Le Pyrrhonisme de l’histoire/Édition Garnier/33
Le jésuite Daniel a beau me dire, dans sa très-sèche et très-fautive Histoire de France, que Henri IV, avant d’abjurer, était depuis longtemps catholique, j’en croirai plus Henri IV lui-même que le jésuite Daniel : sa lettre à la belle Gabrielle : C’est demain que je fais le saut périlleux, prouve au moins qu’il avait encore dans le cœur autre chose que du catholicisme. Si son grand cœur avait été depuis longtemps si pénétré de la grâce efficace, il aurait peut-être dit à sa maîtresse : Ces évêques m’édifient ; mais il lui dit : Ces gens-là m’ennuient. Ces paroles sont-elles d’un bon catéchumène ?

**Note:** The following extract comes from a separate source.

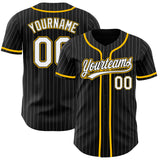 Custom Black White Pinstripe White-Gold Authentic Baseball Jersey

Ce n’est pas un sujet de pyrrhonisme que les lettres de ce grand homme à Corisande d’Andouin, comtesse de Grammont ; elles existent encore en original. L’auteur de l’Essai sur les Mœurs et l’Esprit des nations rapporte plusieurs de ces lettres intéressantes[2] ; en voici des morceaux curieux : « Tous ces empoisonneurs sont tous papistes. J’ai découvert un tueur pour moi…. Les prêcheurs romains prêchent tout haut qu’il n’y a plus qu’une mort à voir ; ils admonestent tout bon catholique de prendre exemple sur l’empoisonnement du prince de Condé…. Et vous êtes de cette religion !… Si je n’étais huguenot, je me ferais turc. »
Il est difficile, après tous ces témoignages de la main de Henri IV, d’être fermement persuadé qu’il fut catholique dans le cœur.